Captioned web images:
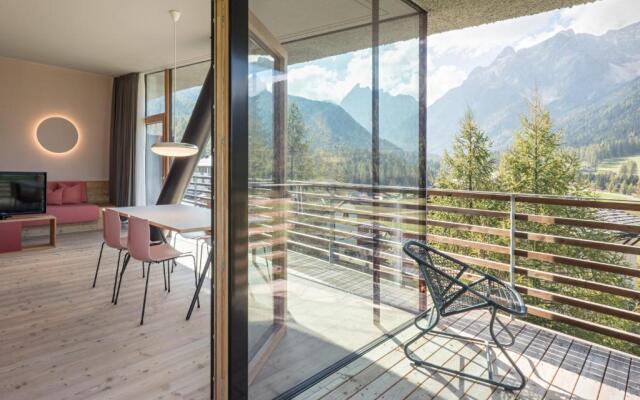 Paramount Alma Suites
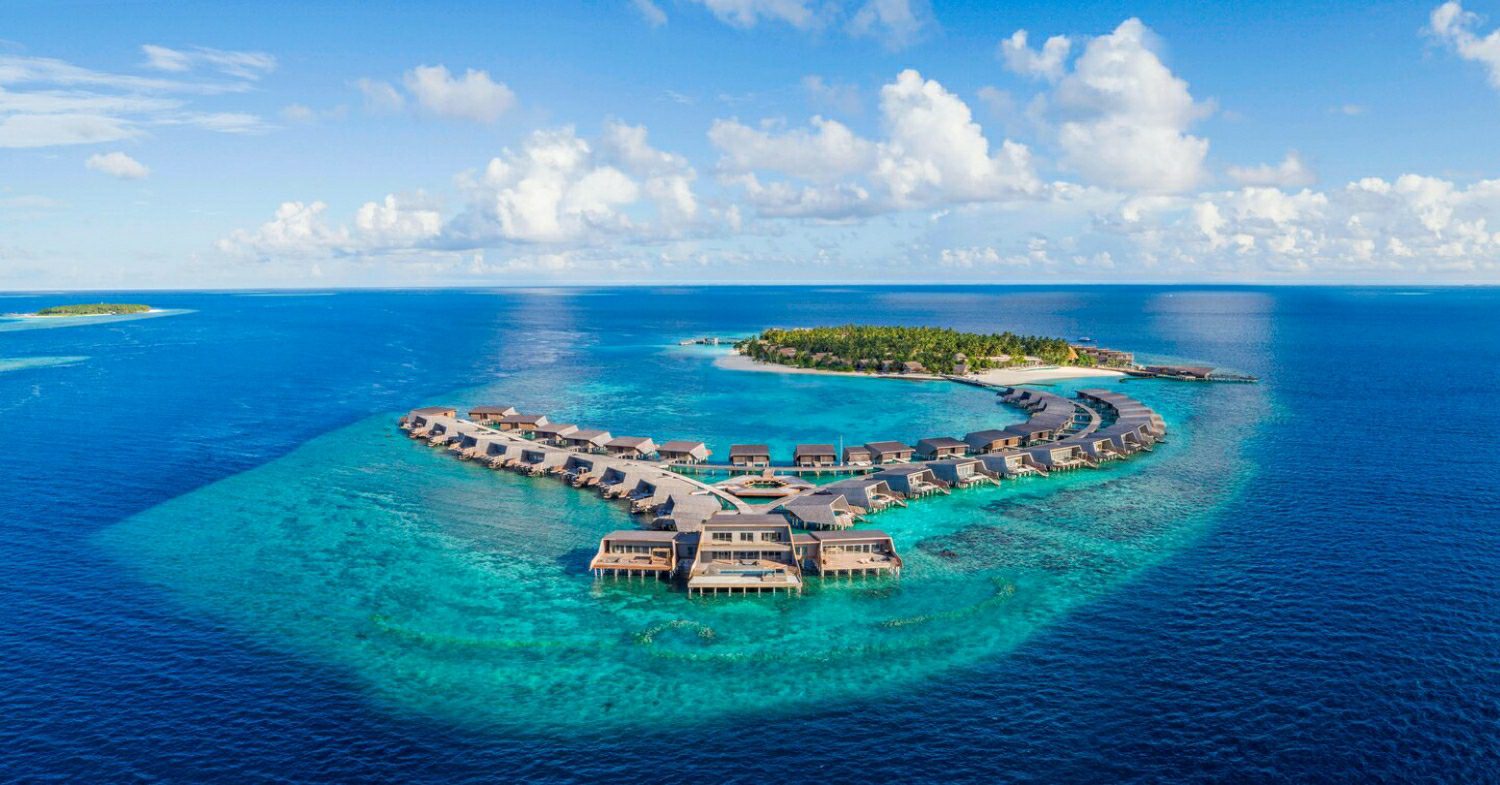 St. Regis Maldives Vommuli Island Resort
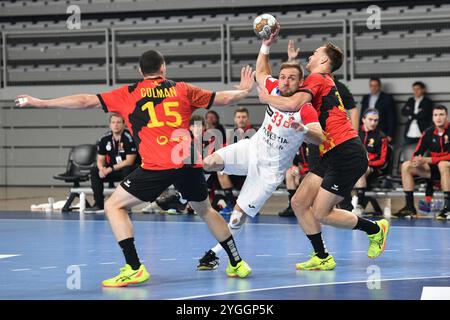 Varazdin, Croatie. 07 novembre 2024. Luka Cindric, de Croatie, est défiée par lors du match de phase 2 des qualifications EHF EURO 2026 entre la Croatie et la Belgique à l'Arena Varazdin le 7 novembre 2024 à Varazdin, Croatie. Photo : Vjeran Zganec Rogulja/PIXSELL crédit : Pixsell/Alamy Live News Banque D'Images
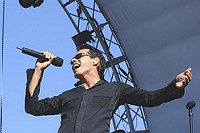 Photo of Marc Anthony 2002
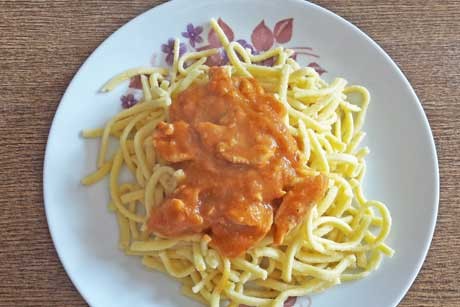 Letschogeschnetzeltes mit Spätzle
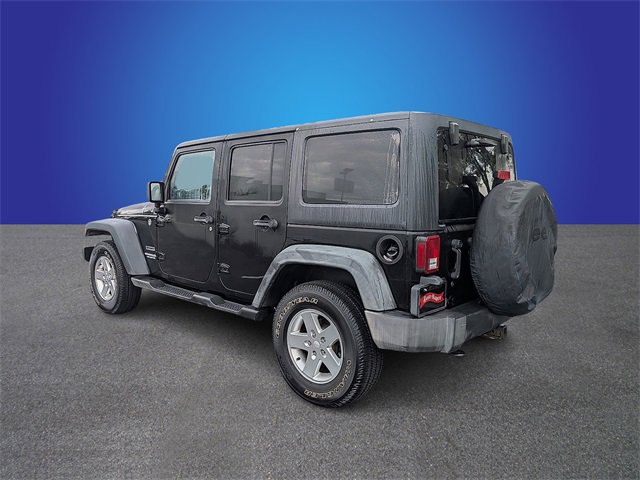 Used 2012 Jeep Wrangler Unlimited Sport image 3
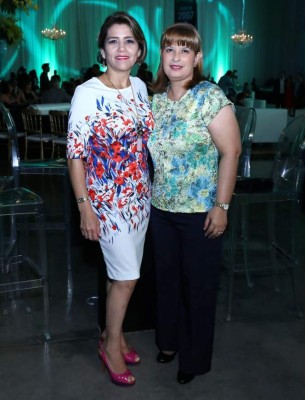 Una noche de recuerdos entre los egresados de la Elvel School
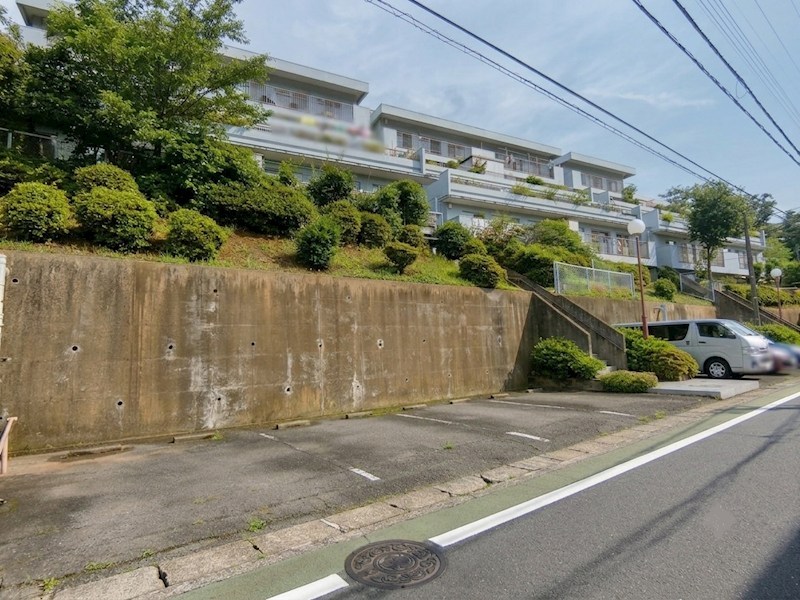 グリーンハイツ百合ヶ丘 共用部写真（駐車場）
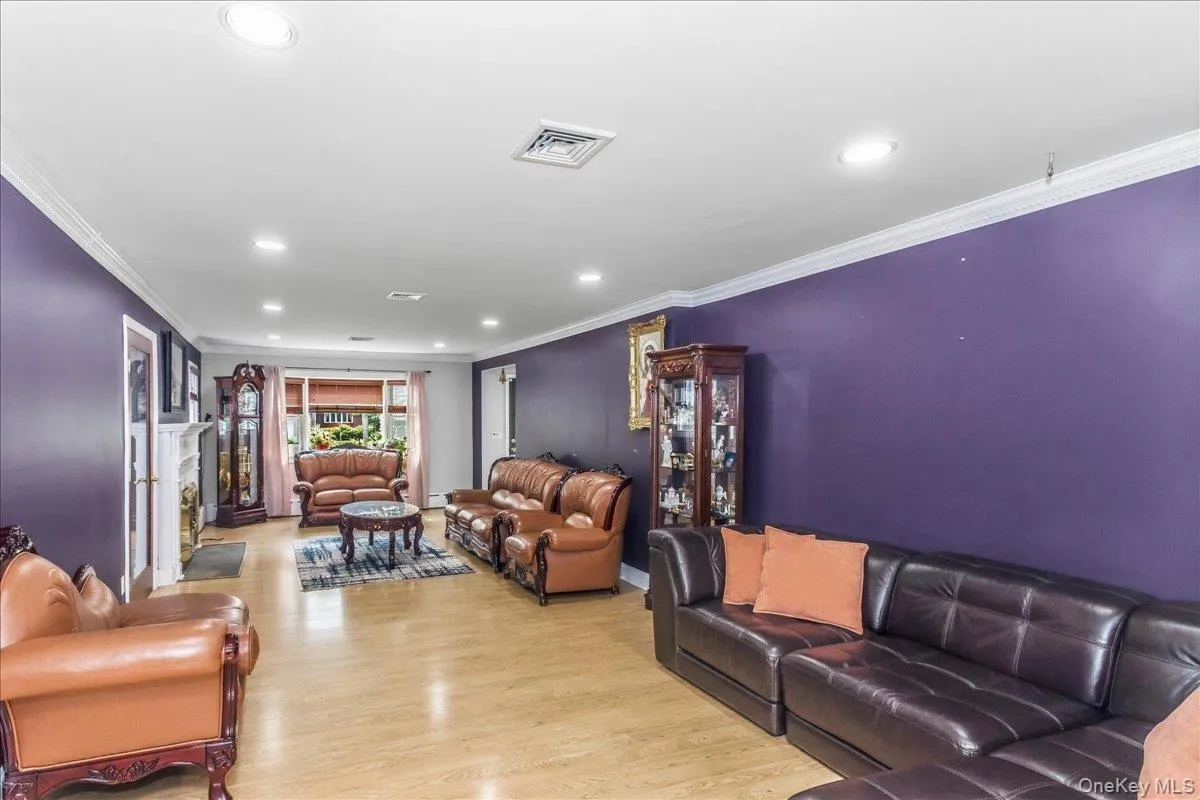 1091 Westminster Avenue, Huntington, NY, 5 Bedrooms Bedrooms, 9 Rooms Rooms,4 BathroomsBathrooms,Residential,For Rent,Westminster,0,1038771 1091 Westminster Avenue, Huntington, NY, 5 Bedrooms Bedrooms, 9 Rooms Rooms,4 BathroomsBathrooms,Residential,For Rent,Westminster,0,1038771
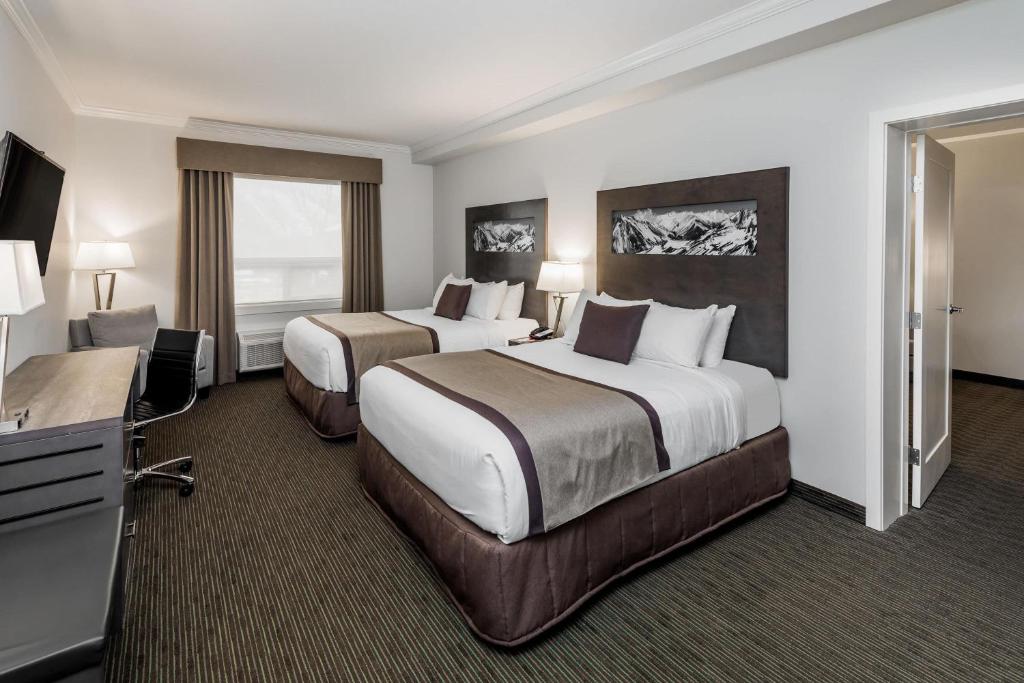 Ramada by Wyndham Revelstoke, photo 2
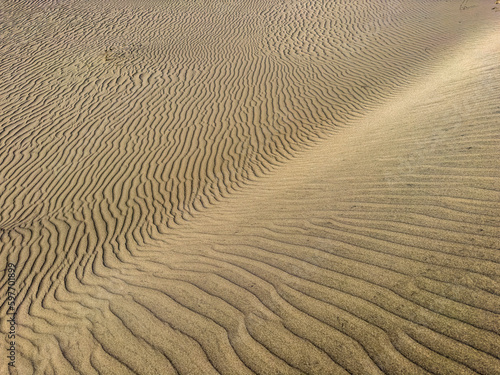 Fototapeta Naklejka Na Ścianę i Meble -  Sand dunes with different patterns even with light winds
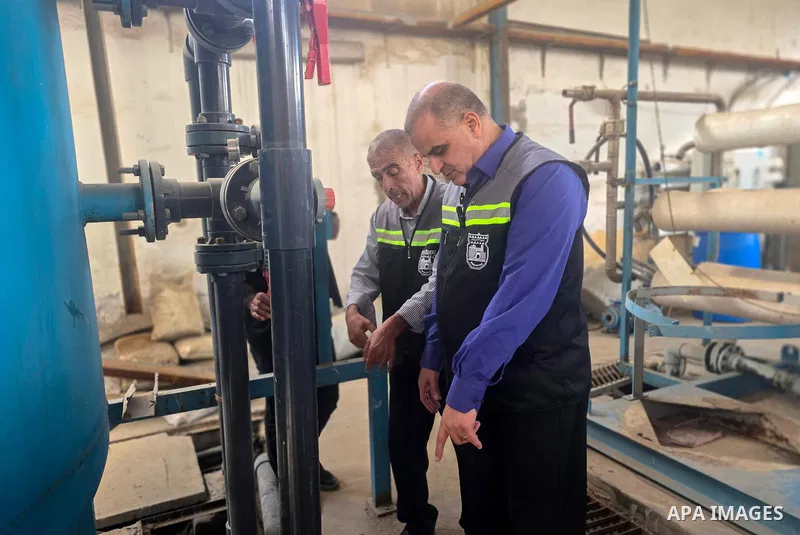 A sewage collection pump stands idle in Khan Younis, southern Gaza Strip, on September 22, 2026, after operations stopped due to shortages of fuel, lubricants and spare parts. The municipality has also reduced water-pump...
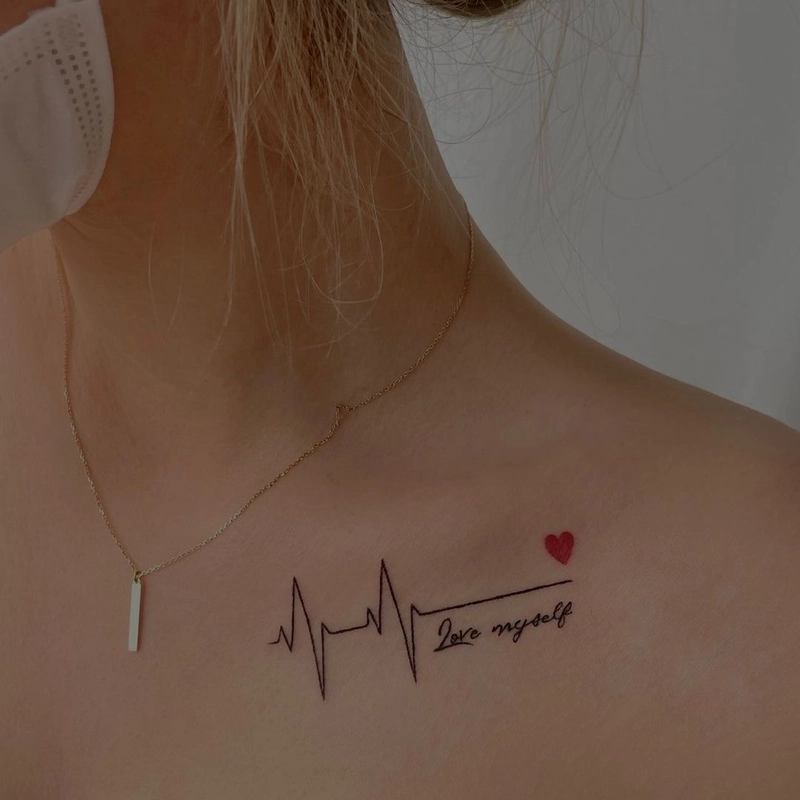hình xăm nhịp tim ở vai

# TASK BRIEF
Pictures are to be left out while the lines from the beginning of the records through the line with "グリーンハイツ百合ヶ丘 共用部写真（駐車場）" are copied word for word.

# WRITTEN ANSWER
 Paramount Alma Suites
 St. Regis Maldives Vommuli Island Resort
 Varazdin, Croatie. 07 novembre 2024. Luka Cindric, de Croatie, est défiée par lors du match de phase 2 des qualifications EHF EURO 2026 entre la Croatie et la Belgique à l'Arena Varazdin le 7 novembre 2024 à Varazdin, Croatie. Photo : Vjeran Zganec Rogulja/PIXSELL crédit : Pixsell/Alamy Live News Banque D'Images
 Photo of Marc Anthony 2002
 Letschogeschnetzeltes mit Spätzle
 Used 2012 Jeep Wrangler Unlimited Sport image 3
 Una noche de recuerdos entre los egresados de la Elvel School
 グリーンハイツ百合ヶ丘 共用部写真（駐車場）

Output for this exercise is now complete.